A saída final produzida por micropython.mem_info(1) variará em detalhes, mas pode ser interpretada da seguinte forma:
Símbolo |
Significado |
|---|---|
. |
bloco livre |
h |
bloco de cabeça |
= |
bloco de cauda |
m |
bloco de cabeça marcado |
T |
tupla |
L |
lista |
D |
dict |
F |
float |
B |
byte code |
M |
módulo |
S |
string ou bytes |
A |
bytearray |
Cada letra representa um único bloco de memória, sendo um bloco igual a 16 bytes. Assim, cada linha do dump do heap representa 0x400 bytes ou 1KiB de RAM.
Controle da coleta de lixo¶
Um GC pode ser exigido a qualquer momento emitindo gc.collect(). É vantajoso fazer isso em intervalos, primeiro para prevenir a fragmentação e segundo por desempenho. Um GC pode levar vários milissegundos, mas é mais rápido quando há pouco trabalho a fazer (cerca de 1ms em uma OpenMV Cam). Uma chamada explícita pode minimizar esse atraso, ao mesmo tempo em que garante que ele ocorra em pontos do programa em que seja aceitável.
O GC automático é provocado nas seguintes circunstâncias. Quando uma tentativa de alocação falha, um GC é realizado e a alocação é tentada novamente. Somente se isso falhar é que uma exceção é levantada. Em segundo lugar, um GC automático será disparado se a quantidade de RAM livre cair abaixo de um limiar. Esse limiar pode ser adaptado conforme a execução avança:
gc.collect()
gc.threshold(gc.mem_free() // 4 + gc.mem_alloc())
Isso provocará um GC quando mais de 25% do heap atualmente livre passar a estar ocupado.
Em geral, os módulos devem instanciar objetos de dados em tempo de execução usando construtores ou outras funções de inicialização. A razão é que, se isso ocorrer na inicialização, o compilador pode ficar sem RAM quando os módulos subsequentes forem importados. Se os módulos realmente instanciarem dados durante a importação, então gc.collect() emitido após a importação atenuará o problema.
Operações com strings¶
O MicroPython lida com strings de maneira eficiente, e entender isso pode ajudar a projetar aplicações para rodar em microcontroladores. Quando um módulo é compilado, strings que ocorrem várias vezes são armazenadas apenas uma vez, um processo conhecido como interning de strings. No MicroPython, uma string internada (interned) é conhecida como qstr. Em um módulo importado normalmente, essa única instância ficará localizada na RAM, mas, conforme descrito acima, em módulos congelados como bytecode ela ficará localizada na flash.
Comparações de strings também são realizadas de forma eficiente usando hashing em vez de caractere por caractere. A penalidade por usar strings em vez de inteiros pode, portanto, ser pequena tanto em termos de desempenho quanto de uso de RAM - um fato que pode surpreender programadores de C.
Posfácio¶
O MicroPython passa, retorna e (por padrão) copia objetos por referência. Uma referência ocupa uma única palavra de máquina, de modo que esses processos são eficientes em uso de RAM e velocidade.
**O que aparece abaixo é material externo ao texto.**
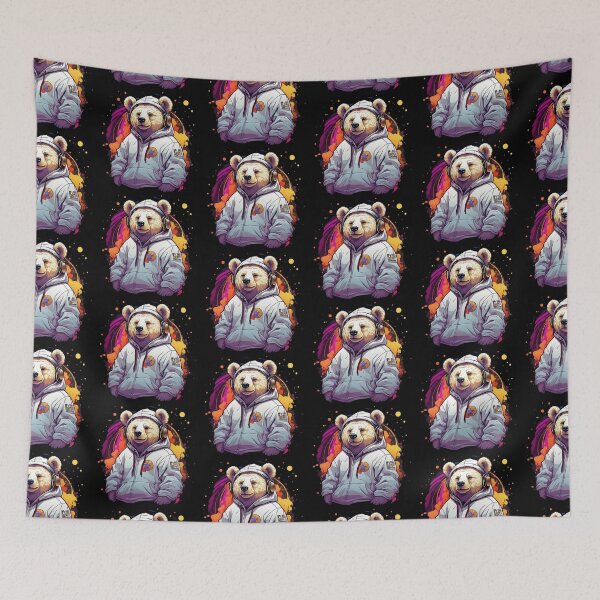 Item preview, Urban Paws | Bear Streetwear Collection designed and sold by WantStore.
Onde são necessárias variáveis cujo tamanho não seja nem um byte nem uma palavra de máquina, há bibliotecas padrão que podem ajudar a armazená-las de forma eficiente e a realizar conversões. Consulte os módulos array, struct e uctypes.
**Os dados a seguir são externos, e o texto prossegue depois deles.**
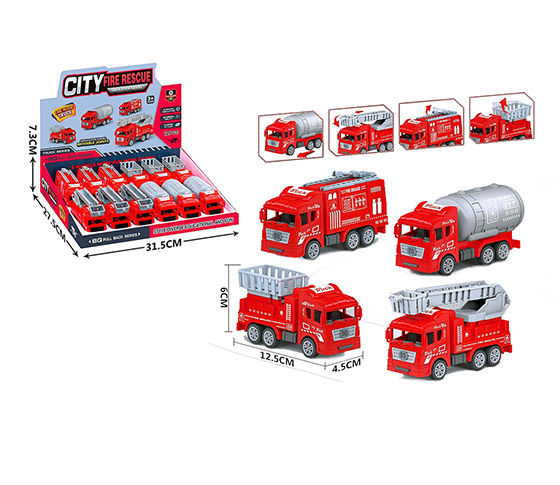 PULL BACK FIRE ENGINE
Nota de rodapé: valor de retorno de gc.collect()¶
Nas plataformas Unix e Windows, o método gc.collect() retorna um inteiro que indica o número de regiões de memória distintas que foram recuperadas na coleta (mais precisamente, o número de cabeças que foram transformadas em blocos livres). Por razões de eficiência, as portas bare metal não retornam esse valor.